Une nouvelle étape dans la lutte contre le dopage a-t-elle été franchie le lundi 12 novembre dernier à Paris ? Pour la première fois, une conférence internationale a jeté les bases d’une collaboration étroite entre les représentants de ceux qui conçoivent et produisent les médicaments détournés à des fins de dopage – les laboratoires pharmaceutiques – et les acteurs de la lutte contre ces pratiques.

L’événement était organisé par le ministère français des Sports, le Conseil de l’Europe, l’UNESCO et l’Agence mondiale anti-dopage (AMA). « Je suis convaincue que (…) ce symposium constituera une étape fondatrice pour la mise en rapport de deux mondes qui n’ont pas toujours l’habitude de travailler ensemble. Mais dont l’association (sera décisive) pour façonner et imposer un sport plus propre à l’avenir », a déclaré la ministre des Sports, Valérie Fourneyron.

L’un des objectifs de ce rendez-vous était d’explorer les moyens de forger des partenariats entre les autorités anti-dopage et l’industrie pharmaceutique. Afin notamment que celle-ci partage des renseignements sur les médicaments en développement, susceptibles de présenter des risques de mauvaise utilisation.

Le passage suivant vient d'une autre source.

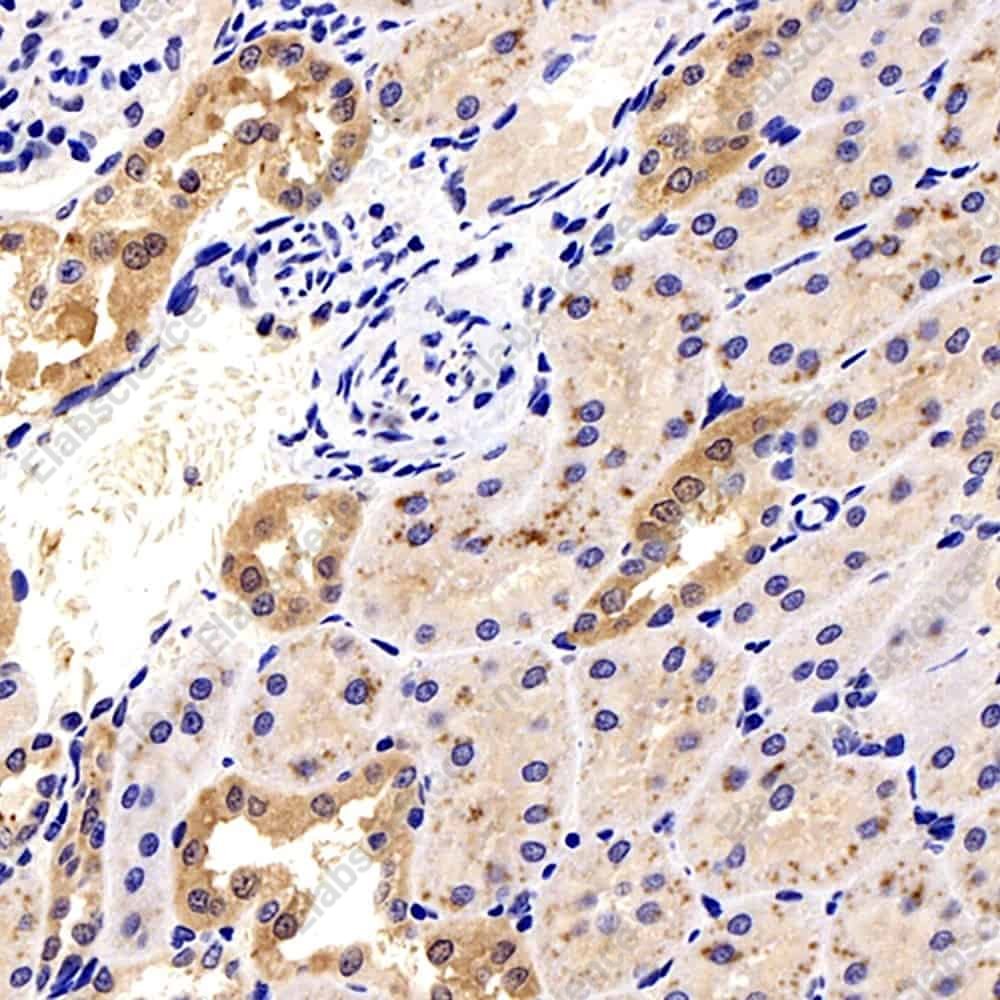 Иммуногистохимия, Galectin 3, ткань почки крысы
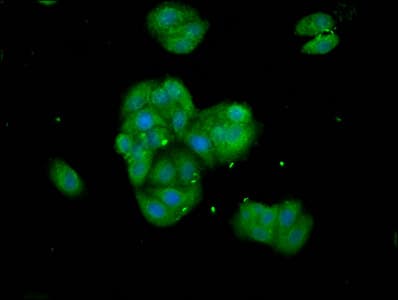 TNKS / Tankyrase Antibody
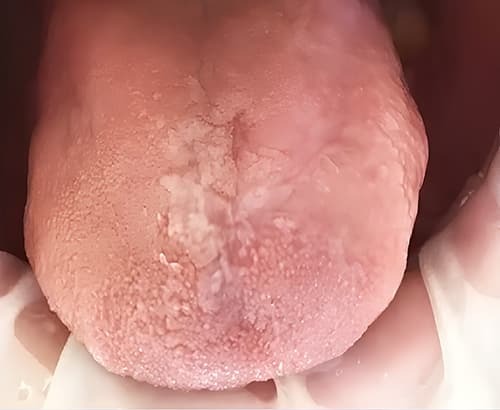 ГЭРБ снимает «маску»: стоматологические проявления, под которыми прячется заболевание + аудио                
        
         
        ГЭРБ снимает «маску»: стоматологические проявления, под которыми прячется заболевание + аудио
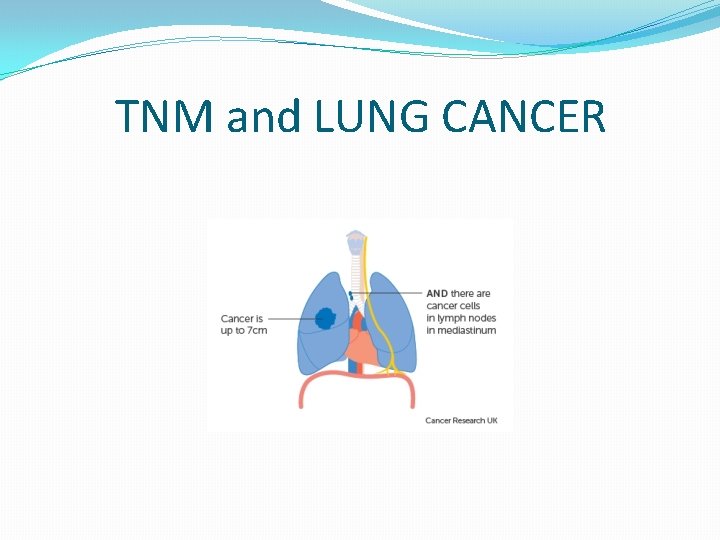 TNM and LUNG CANCER 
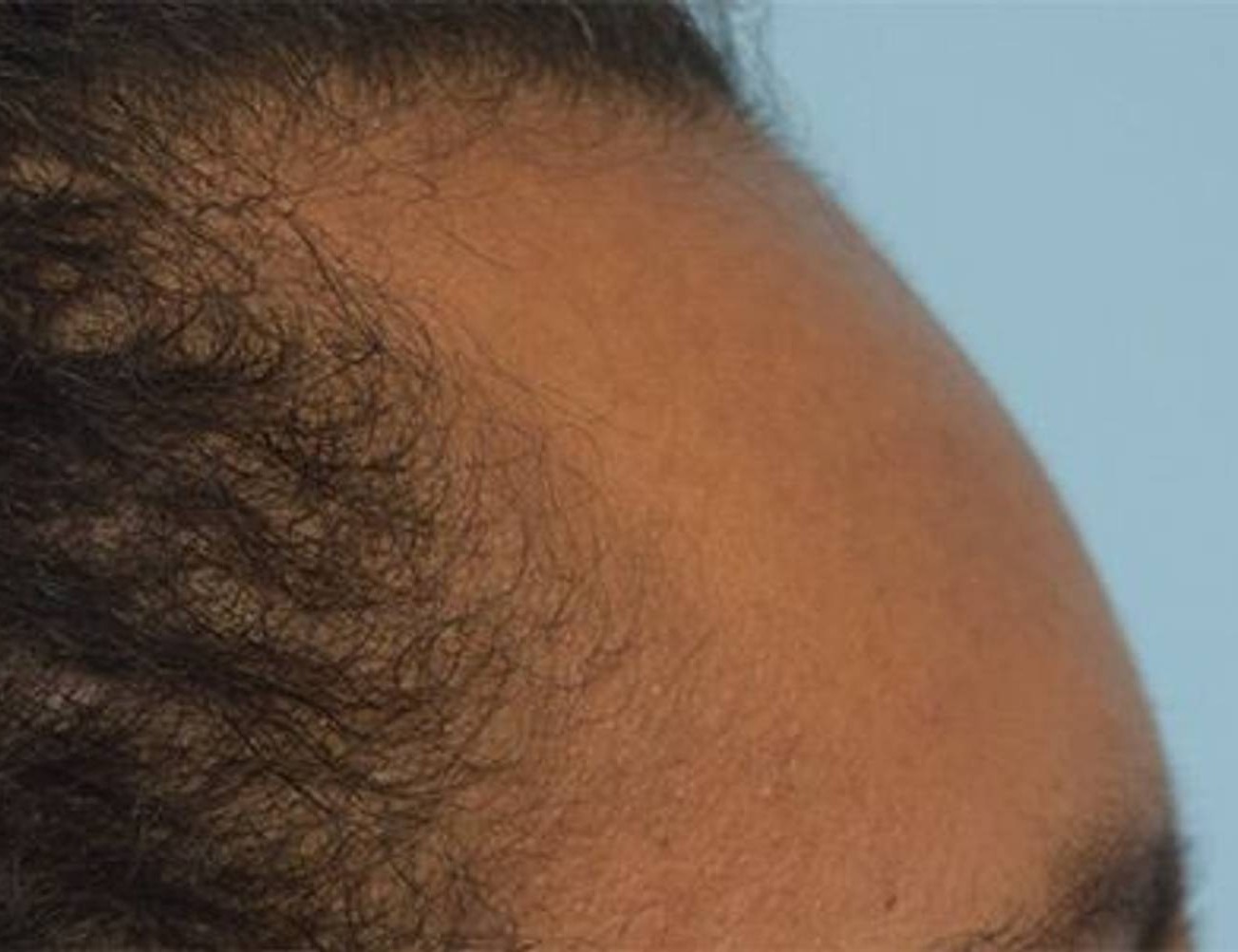 Hairline Advancement Before & After Image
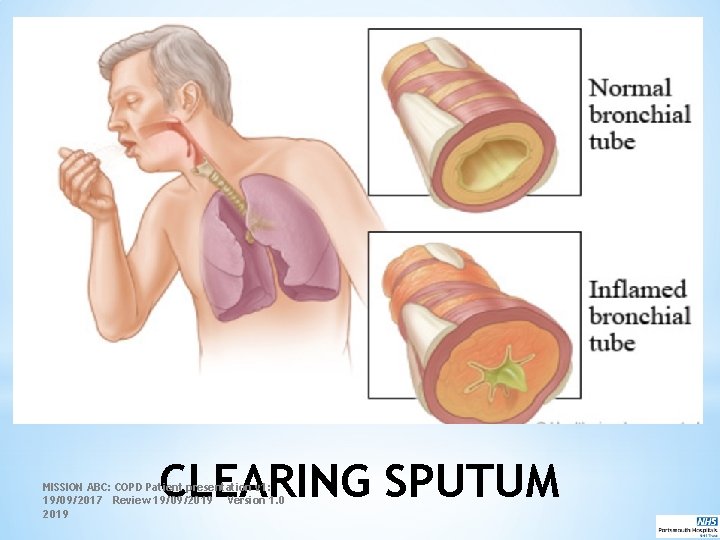 CLEARING SPUTUM MISSION ABC: COPD Patient presentation v 1: 19/09/2017 Review 19/09/2019 Version 1.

Des tests en développement

Comme le souligne le Conseil de l’Europe, « de telles informations se sont avérées extrêmement utiles dans le développement précoce de méthodes de détection. Elles ont notamment permis à l’AMA d’être à l’origine de sanctions de sportifs qui avaient utilisé une substance interdite – la CERA – lors des Jeux olympiques de Pékin en 2008. »

La CERA est en effet, un excellent exemple du bien-fondé de cette collaboration. C’est un agent stimulant de l’érythropoïèse de troisième génération, conçu par le Suisse Roche. Ce fabricant a ainsi travaillé avec l’AMA pour développer un test capable d’analyser les échantillons de sportifs.

D’autres initiatives visant à lutter contre le dopage, ont également été discutées lors de la Conférence. « Notamment la création d’un cadre de collaboration future entre l’AMA et le secteur de la santé, ainsi que le financement éventuel de recherches antidopage pertinentes », conclut le Conseil de l’Europe.